Benson's next landmark effort was "One on One" (1977), which he co-wrote with his father, screenwriter Jerry Segal.

The film is a dumb and clumsily formulaic "Rocky" retread for the Clearasil demographic. Robby stars as a naïve, squeaky-clean high school basketball star who goes to college in the Big City and encounters all kinds of moral ambivalence.

The screen is filled with lingerings on Robby's delicate face and cheesecakey body shots of him in super short-shorts and long tube socks pulled up to the knee. Despite his abject geekery, hot, mature women come on to Robby incessantly through the film in a way that could only be imagined by the actor's dad: "You got great legs. Really sexy legs. I'm not kidding."

There is an Evil Coach who wants Robby to give up his scholarship, blah blah blah, and a sexy older girl (Annette O'Toole) who tutors Robby and naturally has to fall for him, even though he represents the odious Jock World and she is an Intellecktual.

There are various obligatory scenes: Hick boy Benson is taken clothes shopping by a teammate and gets all pimped up in a bell-bottomed denim ensemble with wide-collar silky shirt. There is an actually hilarious spazz-out scene wherein one of Robby's teammates gives him some uppers and he yodels and squirts around the court like Jerry Lewis. There is the L.A. party scene, wherein Robby watches in shock as creepy party people writhe and vomit and levitate. "They got straws in their noses!" Benson shrieks. Jeepers!

His ultra-naïveté is lamely unbelievable, but it informs the viewer that Robby Benson is the anti-James Dean: Robby is always articulate and goofily happy, unless being dogged by a clear and present evil. He's a kindhearted, sensitive dorkwad who's never embarrassed or ashamed. While James Dean was a mumbling, depressed, Aryan teen philosopher-king sophisticate who seemed to know all the answers, underdog Robby never knows anything -- he's totally wet behind the ears. His film roles seem always contingent upon his undergoing a continual process of childlike discovery and then triumphing with his goody-two-shoes-ism intact despite onslaughts of worldliness and corruption.

At the ending, Robby's superior ballplaying obviously saves the day. The fans flood the court and put him on their shoulders.

Robby Benson gets the satisfaction of telling off the bully (oh, the joys of father-son dialogue writing): "You hung in there like grim death and I admire you for it," oozes Mean Coach, who wants Robby to remain on the team.

"Sir? All the way up with a red-hot poker. I can play anywhere I want now," Robby whispers with his bunny-boy face.

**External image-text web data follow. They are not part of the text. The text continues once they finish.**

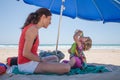 Little child drinking from pack with mother at beach Royalty Free Stock Photo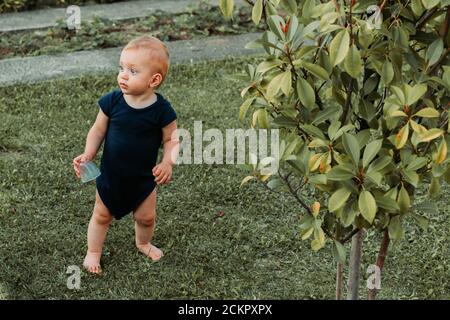 Il bambino piccolo in bodysuit si trova a piedi nudi nel giardino guardando qualcosa Foto Stock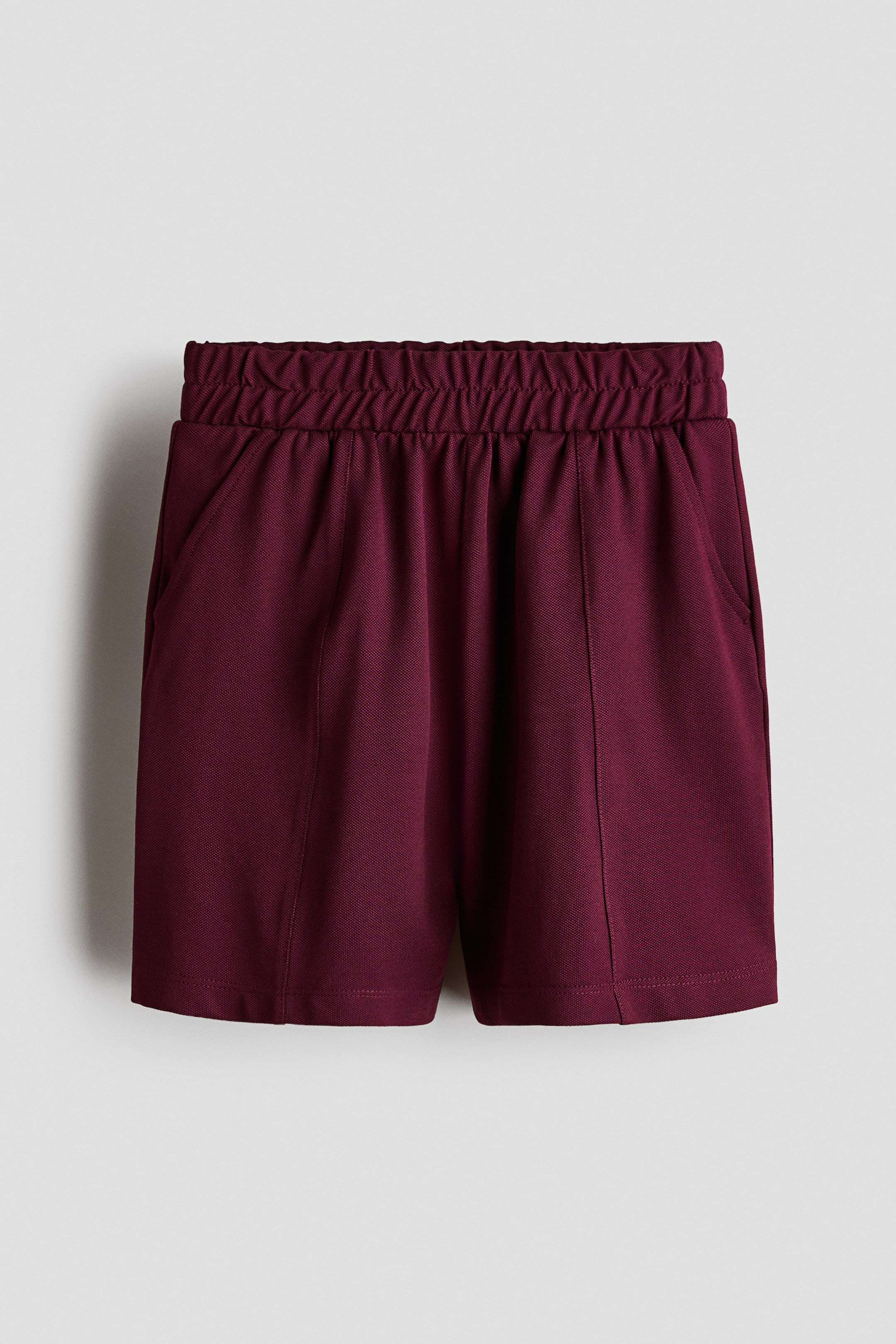 Xem ảnh lớn hơn: Một chiếc quần short màu đỏ burgundy được chụp từ phía trước, nổi bật với cạp chun bản rộng và phom dáng thoải mái. Quần short có các đường may pintuck dọc chạy xuống mặt trước của mỗi ống quần và túi bên xéo.
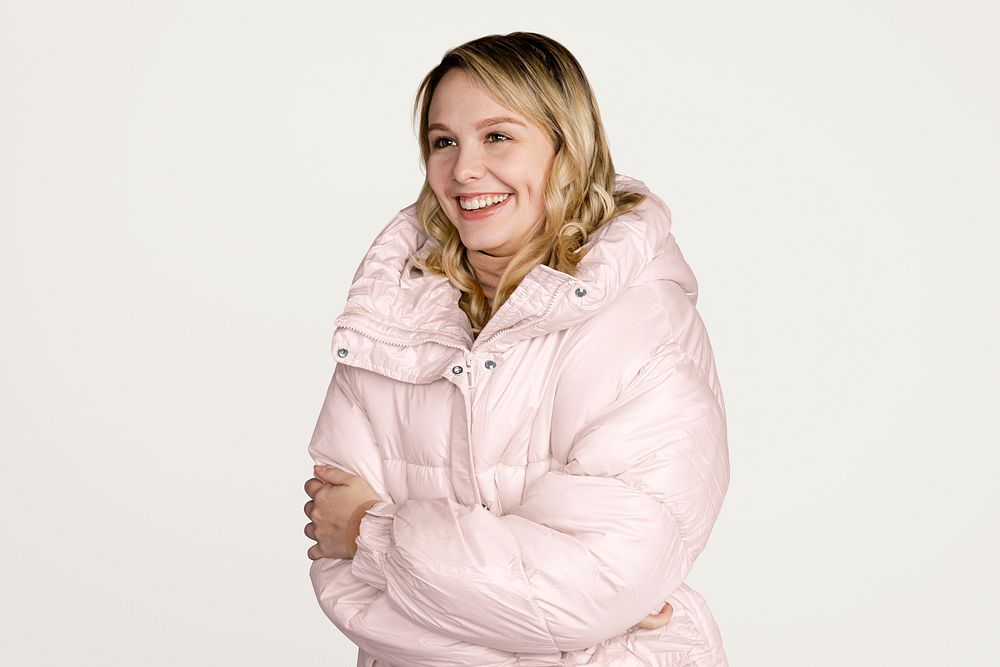 Woman in puffer jacket, isolated on off white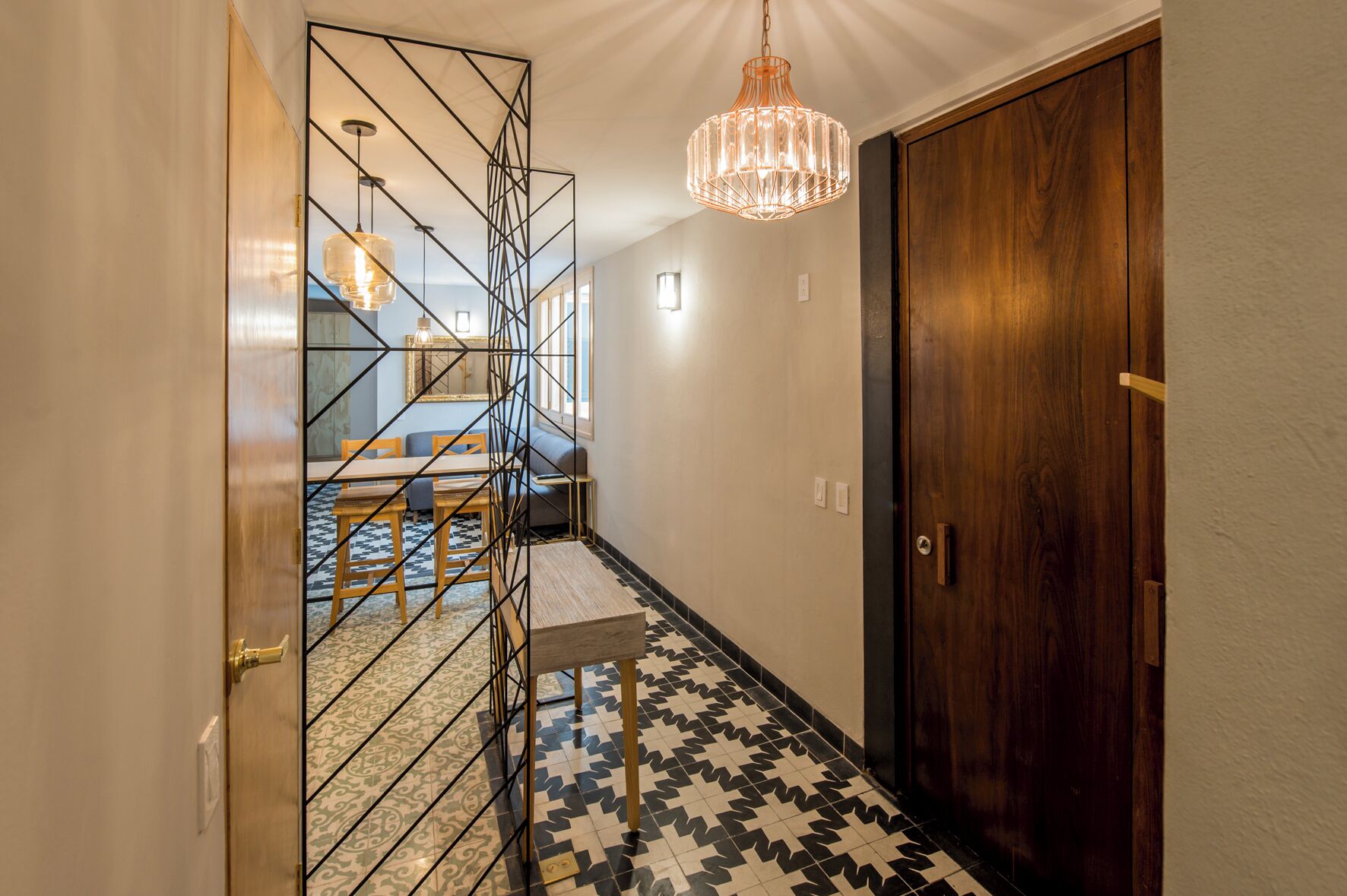 A hallway with a geometric metal partition, a wooden door, and a patterned floor.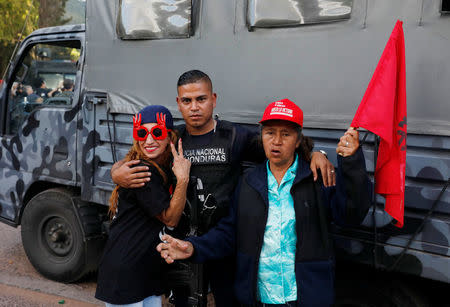 A police officer poses with demonstrators outside the headquarters of Honduras' elite police force, after an agreement with the government not to crack down on demonstrators in the marches over a contested presidential election, according to local media, in Tegucigalpa, Honduras December 5, 2017. REUTERS/Henry Romero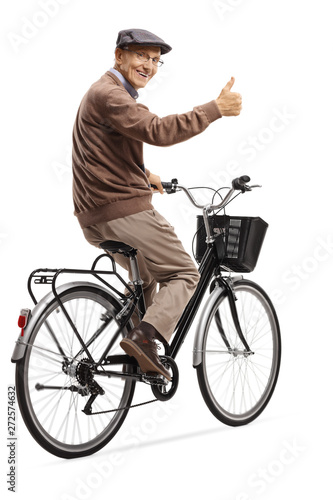 Cheerful elderly man on a bicycle giving thumbs up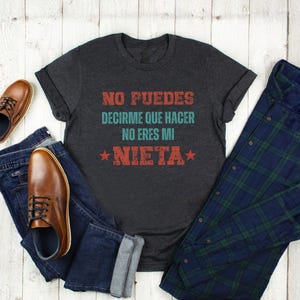 Könnte beinhalten: Dunkelgraues T-Shirt mit dem spanischen Text "NO PUEDES DECIRME QUE HACER NO ERES MI NIETA" in Rot und Türkis. Das Shirt wird mit blauen Jeans, einem karierten Hemd und braunen Lederschuhen präsentiert.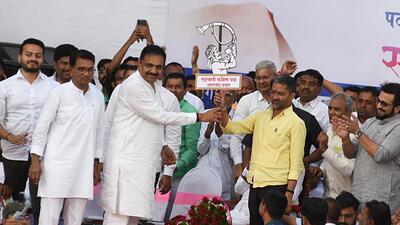 Nilesh Lanke (second from right) holds the NCP (SCP) symbol in the presence of president Jayant Patil and MP Amol Kolhe (right) in Pune on Thursday. (Mahendra Kolhe/HT Photo) Nilesh Lanke (second from right) holds the NCP (SCP) symbol in the presence of president Jayant Patil and MP Amol Kolhe (right) in Pune on Thursday. (Mahendra Kolhe/HT Photo)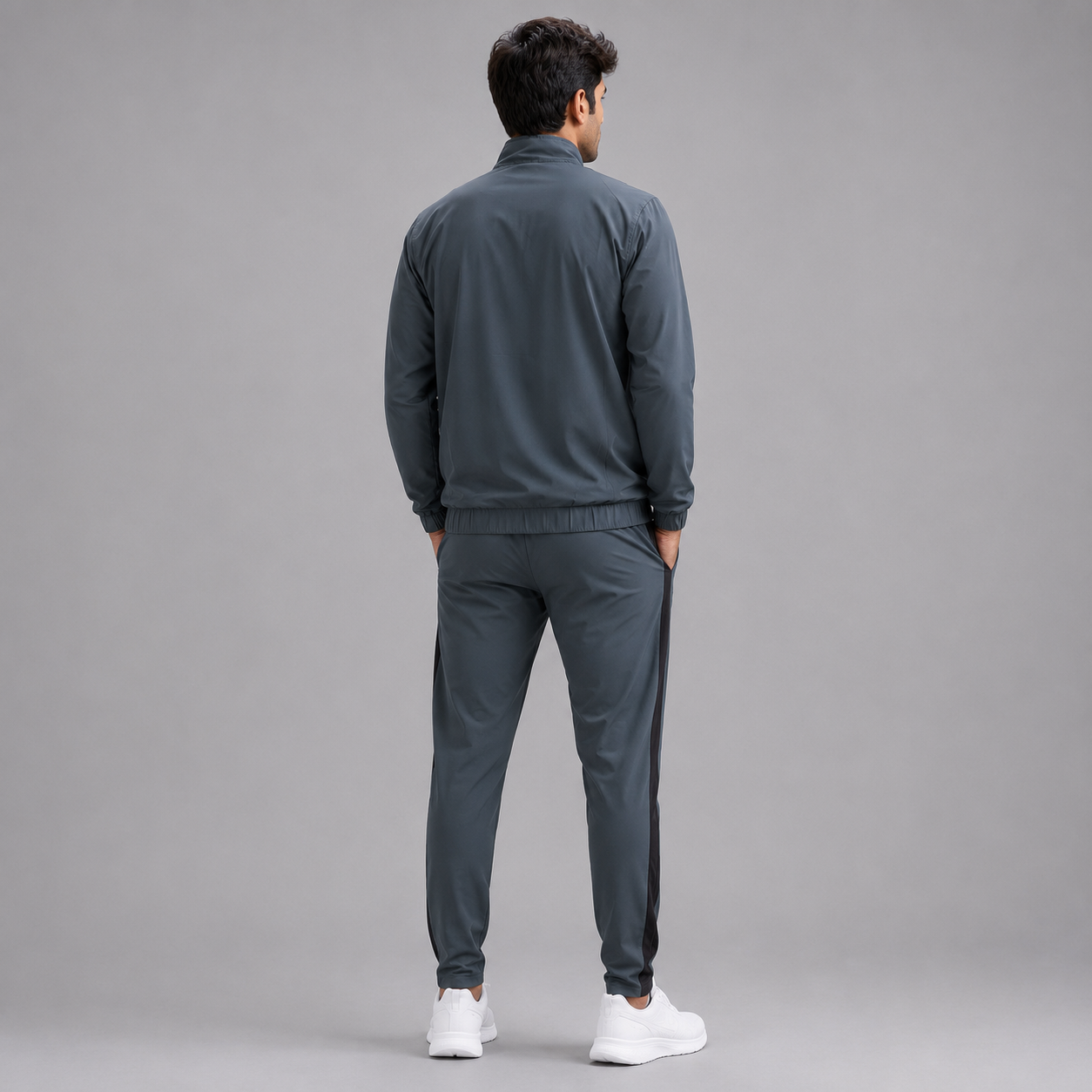 A man viewed from behind wearing a dark gray athletic tracksuit with a zip-up jacket and matching jogger pants, paired with white sneakers, against a solid gray studio background.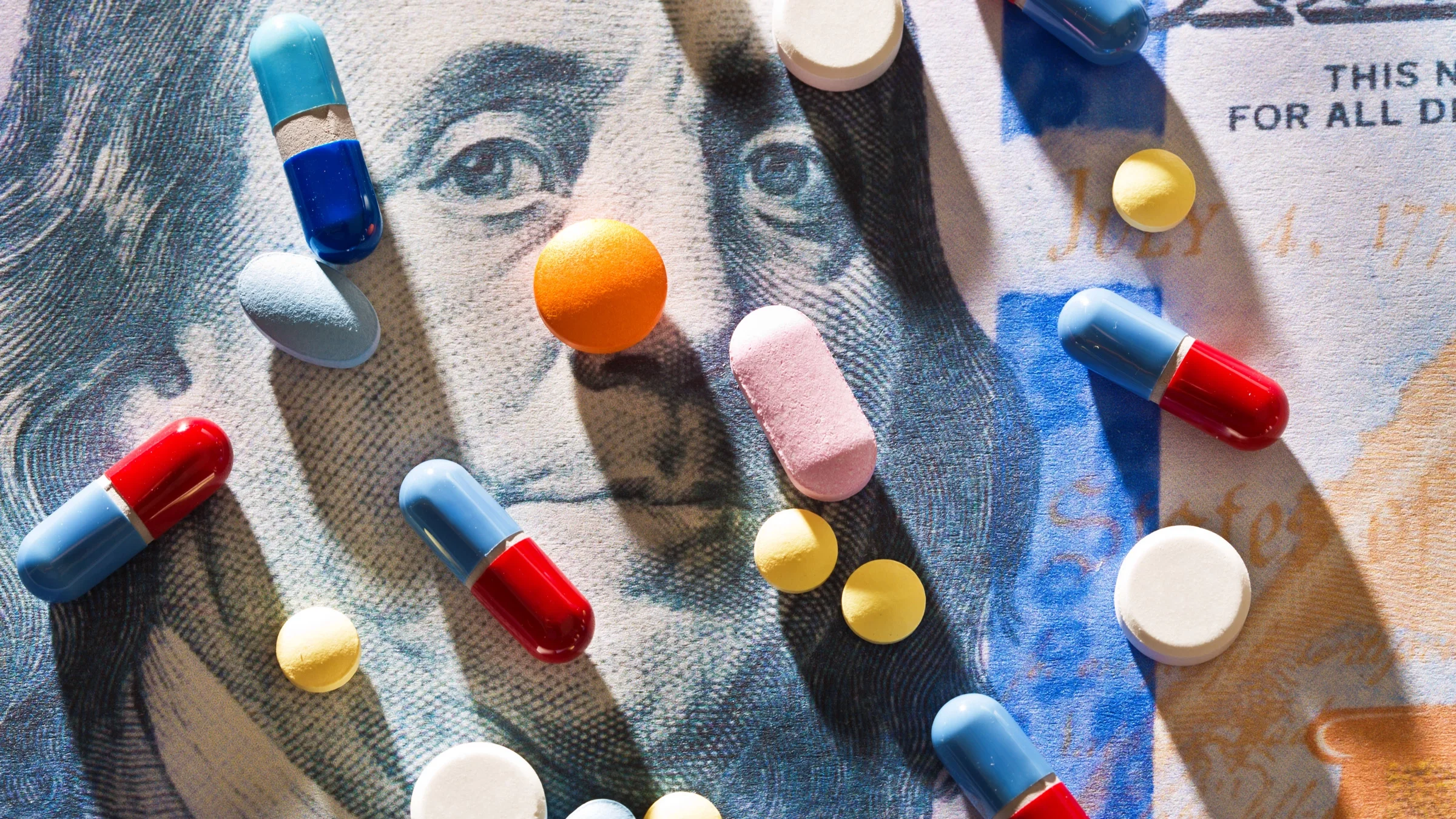 Pills on a dollar bill.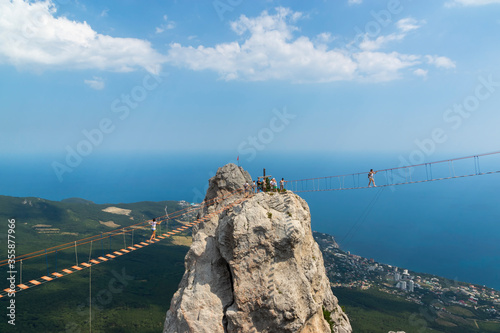 Suspension bridge on Mount Ai-Petri, Crimean Peninsula. Thrill attraction. Mountain peaks with sea view.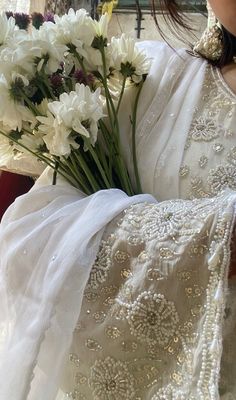 a bouquet of white flowers sitting on the back of a bride's wedding dress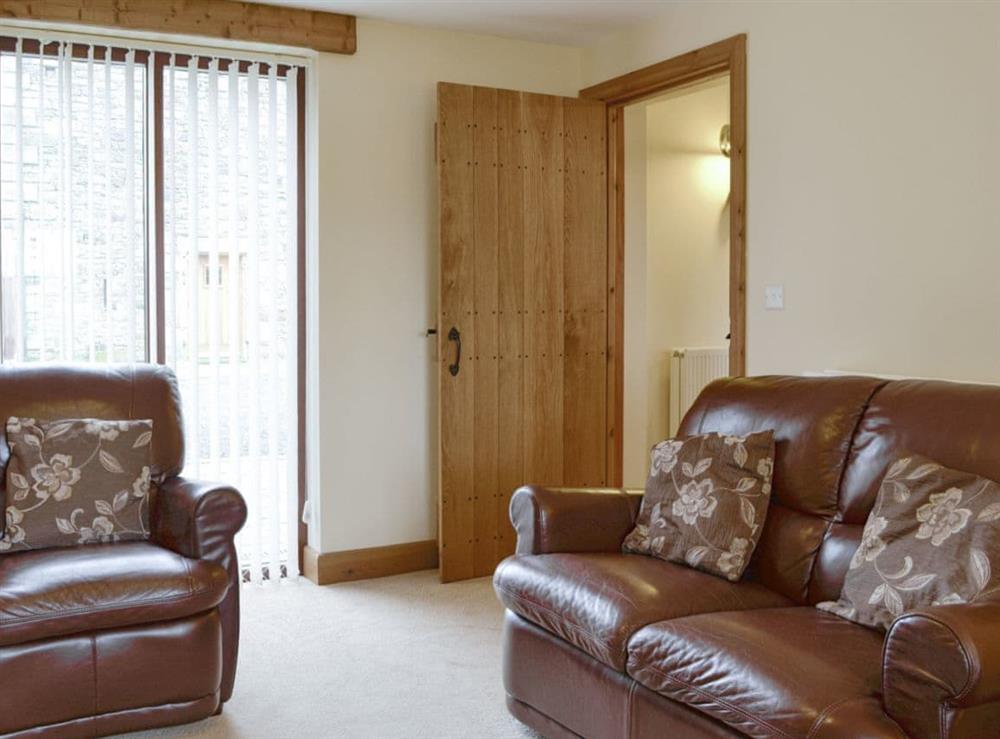 Comfy seating within the living room at Little Meadow in Dearham, near Maryport, Cumbria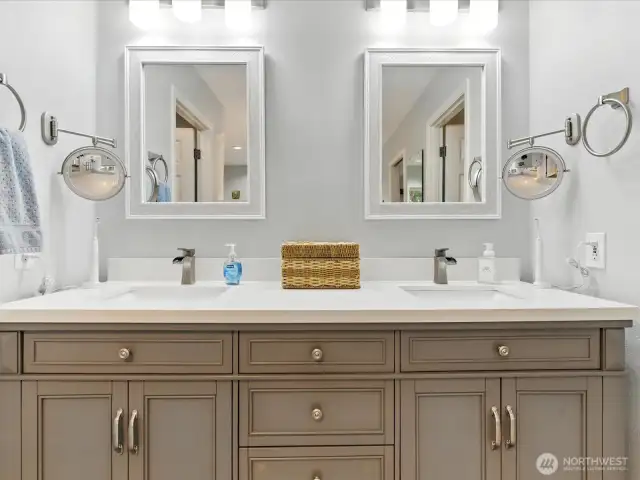 Primary bathroom updated with heated wood plank porclian tile flooring.
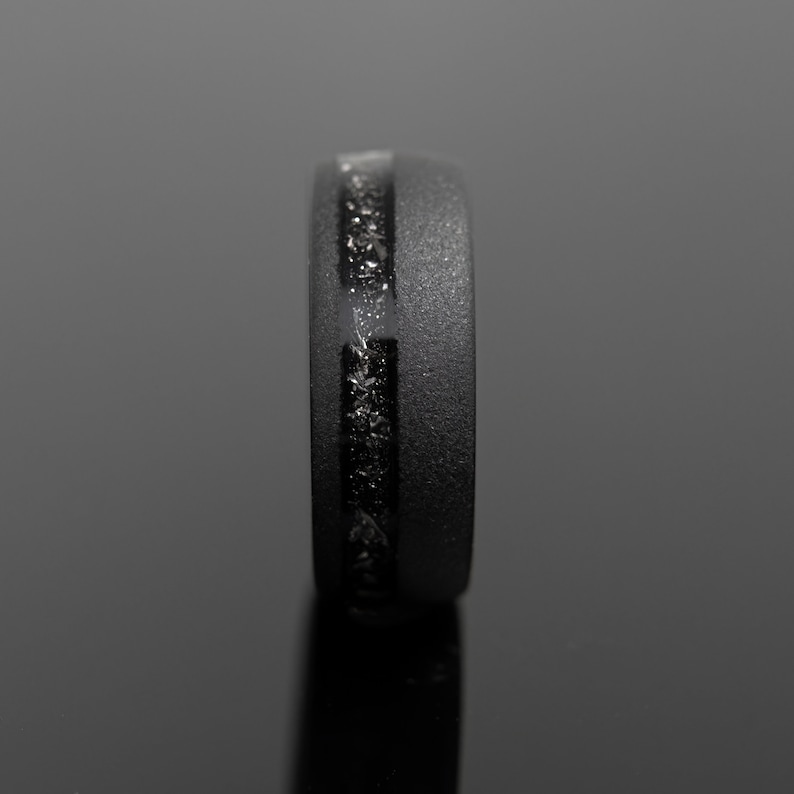 May include: A black ring with a textured surface and a central inlay of sparkling, dark material. The ring is shown in a side view, highlighting its sleek, modern design. The ring's width is approximately 0.3 inches.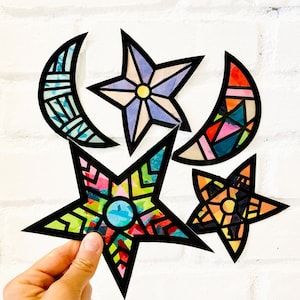 May include: Five colorful paper cutouts of stars and crescent moons. The stars are in shades of blue, purple, and yellow. The moons are in shades of blue, green, and red. The cutouts are on a white brick background.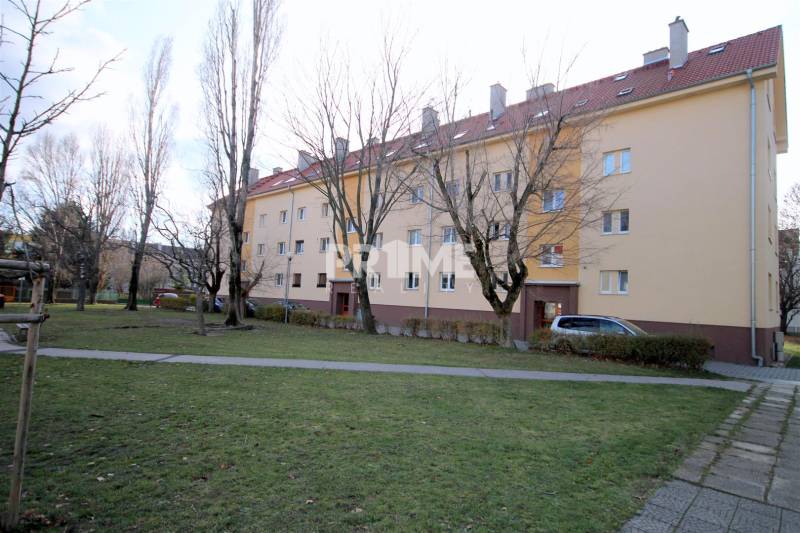 A Kadnárova utcai lakóház Pozsony-Rača városrészében, zöldövezet és járda veszi körül.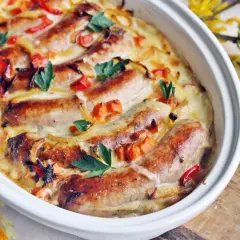 Pyszna biała kiełbasa w sosie chrzanowo-musztardowym, zapieczona z warzywami i udekorowana natką pietruszki. Idealna na wielkanocny stół.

Roll credits, with Robby playin' a little one-on-one hoops with his girlfriend and ... hey, where did all these little kids of all colors come from? Well, come on! Everybody gets to play basketball with Robby Benson! The camera is trained on the hoop with the sun going down behind it as fast-cut edits show balls being sunk again and again. The sun glares into the lens in two white glowing rings, then ... stop action! A ball is stopped mid-hoop, eclipsing the sun perfectly! Light shines behind Robby's basketball in a perfect aureole! "Love conquers a-a-a-all," wail Seals and Crofts, with lyrics by Paul Williams. Now that's some delicious American cheese.

Critics didn't think so. Many stooped to flat-out character assassination.

David Ansen, reviewing "One on One" for Newsweek under the headline "Doe-Eyed Dribbler," had this to say:

"The less-than-convincing love story, unfortunately, brings out Benson's delusions of grandeur as a scriptwriter ... A similar protest could be lodged against Benson's overly ingratiating performance, which makes innocence look like a form of retardation. Cute as Bambi and twice as smarmy ... Benson seems destined for one of the most protracted adolescences on the screen (by 40 he should be ready to play psychopaths)."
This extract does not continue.